Rural and Native Celebrations of the LGBTQ+ Community

Between 2.9 and 3.8 million queer people live in rural areas. While queer people often face unique challenges in rural places, the close-knit nature of many small, rural communities often facilitates the uplifting and celebration of queer community members and organizations. 

Family and community support have been proven to promote the physical and mental health of for LGBTQ+ youth, who often face greater health barriers than their non-LGBTQ+ counterparts. Student organizations such as a GSAs (Gender & Sexuality Alliances) or community pride celebrations are common ways to provide support to the queer community and celebrate the integral role queer people play in their communities. 

Identifying and honoring the moments and places in which queer people are celebrated by their rural communities is an essential part of building an accurate rural narrative that encapsulates the diverse attitudes present throughout rural places. Organizations, governments, and people all throughout the rural United States and in Native nations work to ensure that all are welcomed to their communities.

Below are a few events and stories which highlight and celebrate LGBTQ+ people in rural communities and Native Nations. 

  • Read about the world’s first Queer Wine Festival, happening in Willamette Valley’s wine-growing region. Celebrating queer-owned wineries in Oregon, Washington, and California, the event is put together by Wine Country Pride, founded in 2020 by volunteers to bring Pride celebrations to rural Oregon. The organization’s president is Remy Drabkin, owner of Remy Wines. Remy is also McMinnville, Oregon’s interim mayor: the first woman and queer-identified person to hold that office.

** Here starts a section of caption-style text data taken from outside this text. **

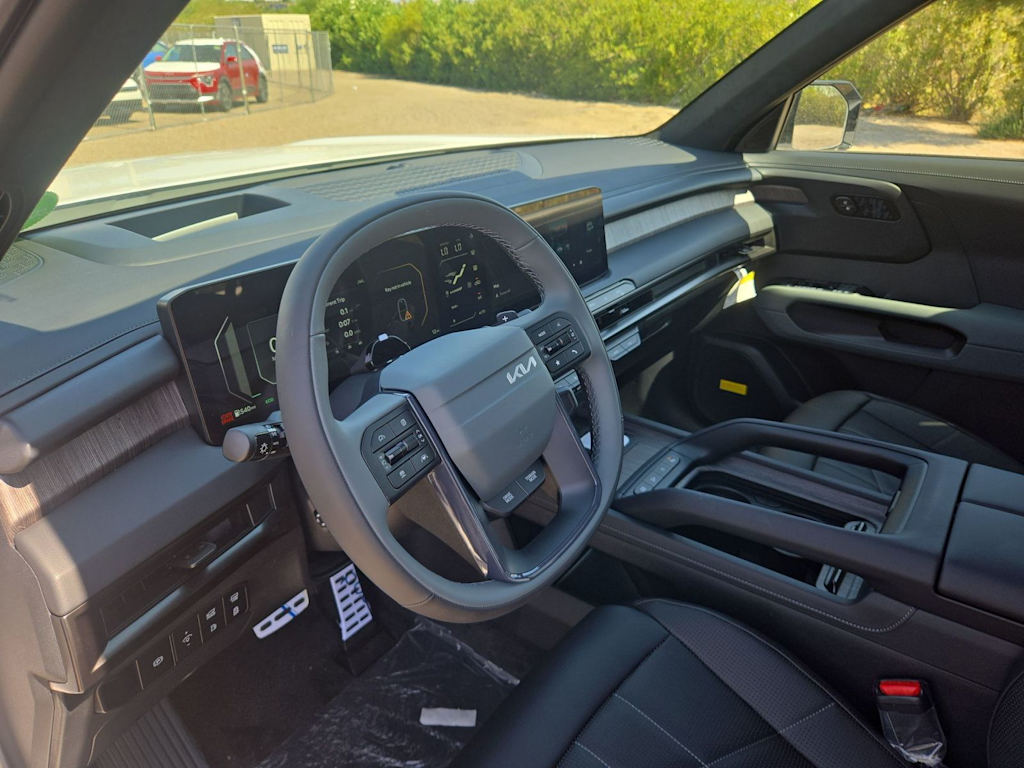 Thumbnail: 2027 Kia Telluride - 2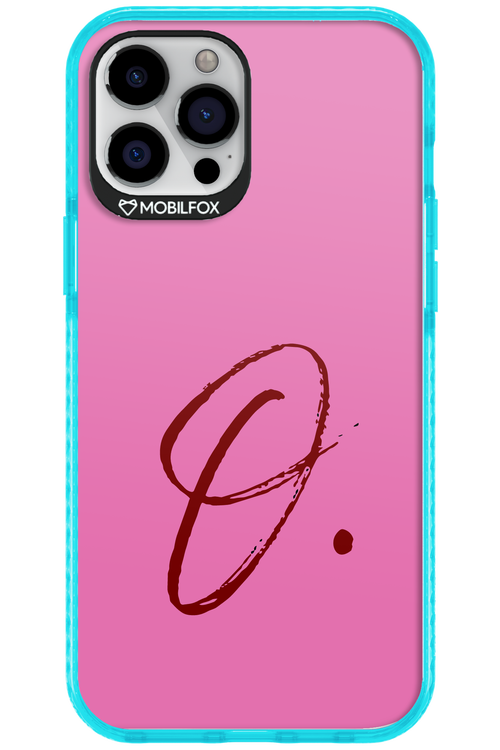 (Sorbet) O 2.0 - Apple iPhone 12 Pro Max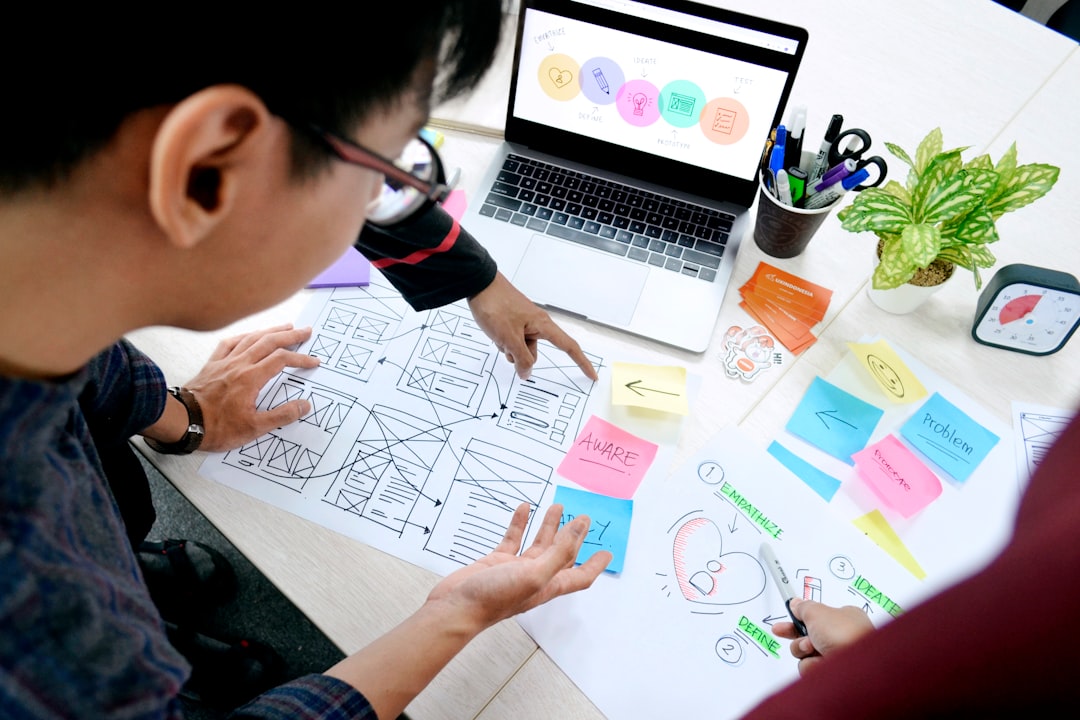 Unlocking Innovation: How Generative AI is Transforming UX/UI Design — Case Studies and Detailed Examples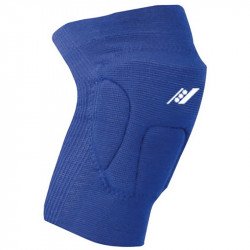 Térdvédő Rucanor Set Point kék Sportszer Rucanor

  • Catwalk Party: Celebrating Counter Culture in Rural Minnesota, is the first drag show in Fergus Falls, Minnesota. The show was received well by the community, and Dominic Facio, producer, director, and manager of the show, said in an interview,“Some people who have come to the shows … have mentioned you should go to LA or be in a metro area… The truth is that rural America needs what I’m doing.” 

  • With street fairs, fashion shows, and music festivals, Bastrop, Texas’ Pride festival works to celebrate and uplift the queer people of Bastrop, Texas. Founded in 2022, Bastrop Pride has also found support from other small towns in Central Texas, showing the power rural communities can have when they celebrate the LGBTQ+ community together.  

  • Bloomington, Indiana’s local lesbian bar, The Back Door, is a vital part of the town’s social life and community. The bar and club are open to everyone, and The Back Door’s manager, Cale Ulery, says the goal is to give people a place to feel safe and be authentic.

  • This year marks 12 years since the Bay Area American Indian Two-Spirits organization (BAAITS) hosted its first annual Two-Spirit powwow, which was, at the time, the first and only public Two-Spirit powwow in the world. The team behind the first BAAITS Powwow sought to de-gender these traditions and bring Two-Spirit people together from nations across North and Central America. This year, while gearing up for its Two-Spirit powwow, BAAITS hosted a film festival, an Indigiqueer drag show, a youth and elder panel, and more.

  • The Brown Door bar in Hammond, Louisiana, hosts Tuezgays, a weekly drag show for queer people to have a “place to celebrate who they are wholeheartedly.” Tuezgays was one of Hammond’s first advertised LGBTQ+ events, and its success has been realized as the event has become more and more popular in the community. 

  • The Navajo Nation Pride celebrations have been an opportunity for those in the nation to demonstrate their support for the lesbian, gay, bisexual, transgender, queer, and two-spirit community members. Navajo Nation Pride Executive Director Alray Nelson says his team is also proud to have grown to include representatives from other tribal nations. 

  • The University of Kentucky’s  LGBTQ Agricultural and Environmental Sciences Fund, the first program of its kind in the region, awards scholarships to LGBTQ-identifying students at the University of Kentucky’s College of Agriculture, Food, and Environment. Seth Riker, steward of the fund, said to The Daily Yonder, “Speaking as a closeted kid who grew up on a rural Kentucky farm, I wanted to create the message I needed 20 years ago: you are not alone, and you belong here.”